Single-Stage Object Detection with Fusion of Point Cloud and Image Feature

doi:10.3778/j.issn.1002-8331.2112-0555

Abstract

Abstract: 3D objects can be effectively detected and classified with the supplement of image information to the geometry and texture information of point cloud. Aiming at the problem of effectively integrating image features into point clouds, an end-to-end deep neural network has been designed. A novel fusion module named PI-Fusion（point cloud and image fusion） is proposed to enhance semantic information of point cloud by using image features in a point-by-point manner. In addition, during the downsampling process, a fusion-sampling strategy is adopted to make use of distance farthest point sampling and feature farthest point sampling for small objects. After three downsampling processes of fused image and point cloud features, points are moved to the center of target object through a candidate point generation layer. Finally, the classification confidence and regression are predicted by the network with a single-stage object detection header. Experimental results on KITTI dataset show that the proposed method has improved 3.37, 1.92 and 1.58?percentage points in simple, moderate and hard degree of difficulty on KITTI dataset respectively in comparison with 3DSSD.

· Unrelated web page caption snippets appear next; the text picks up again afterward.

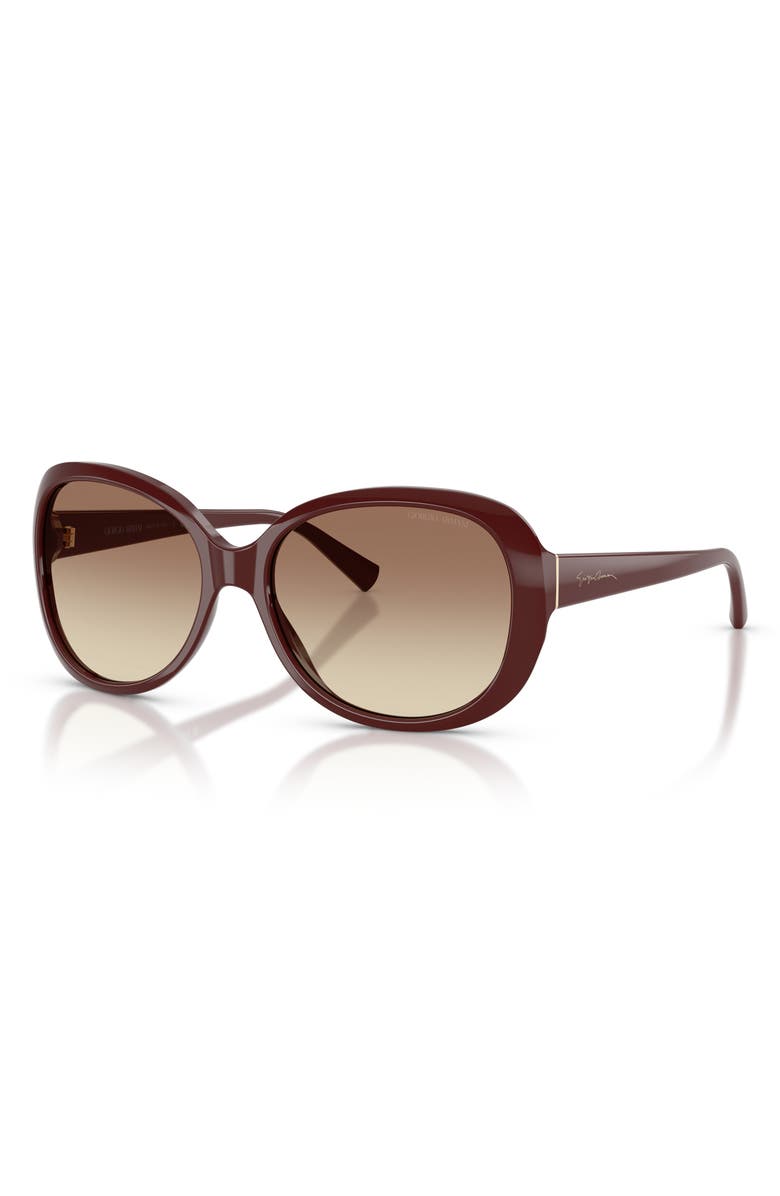 ARMANI 56mm Round Sunglasses, Alternate, color, Burgundy / Brown Gradient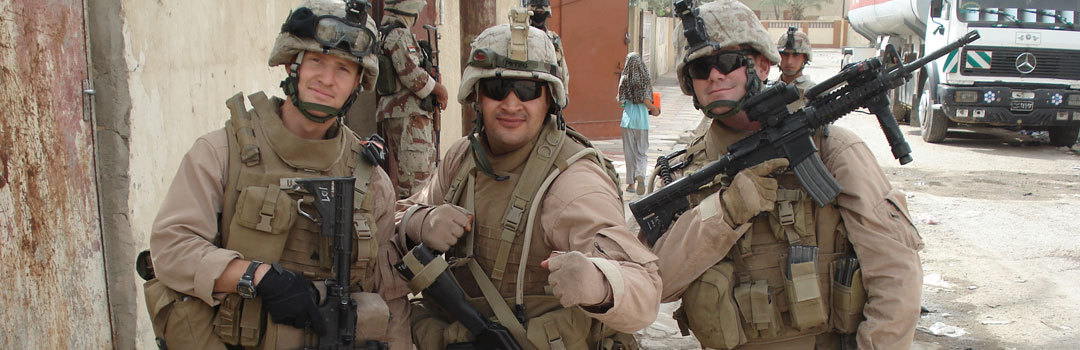Nate Wheeler (left) in Basra Iraq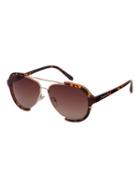 Romwe Brown Leopard Print Open Frame Double Bridge Aviator Sunglasses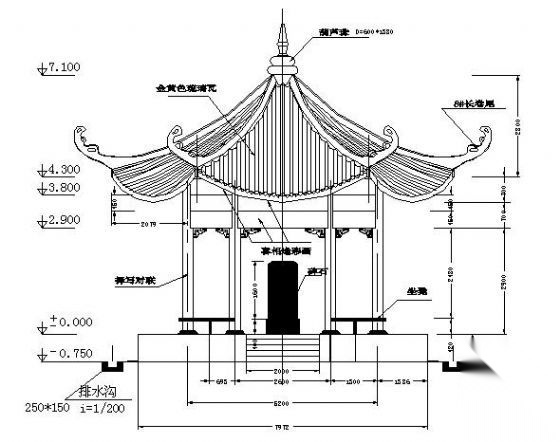 某六角亭建筑结构图纸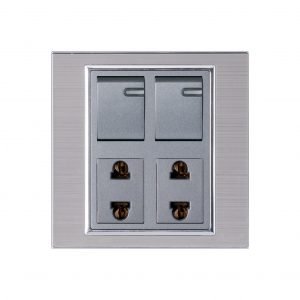 Buy AQUA Platinum 2 Gang Switch Plus 2 Sockets from Al Rehman Corporation, the best electrical store in Islamabad.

Key words: image recognition, point cloud object detection, multimodal feature fusion

摘要： 使用图像信息补充三维点云的几何和纹理信息，可以对三维物体进行有效地检测与分类。为了能够更好地将图像特征融入点云，设计了一个端到端的深度神经网络，提出了一个新颖的融合模块PI-Fusion（point cloud and image fusion），使用图像特征以逐点融合的方式来增强点云的语义信息。另外，在点云下采样的过程中，使用距离最远点采样和特征最远点采样的融合采样方式，以在小目标上采样到更多的点。经过融合图像和点云特征的三次下采样之后，通过一个候选点生成层将点移动到目标物体的中心。最后，通过一个单阶段目标检测头，得出分类置信度和回归框。在公开数据集KITTI的实验表明，与3DSSD相比，此方法在简单、中等、困难难度的检测上分别提升了3.37、1.92、1.58个百分点。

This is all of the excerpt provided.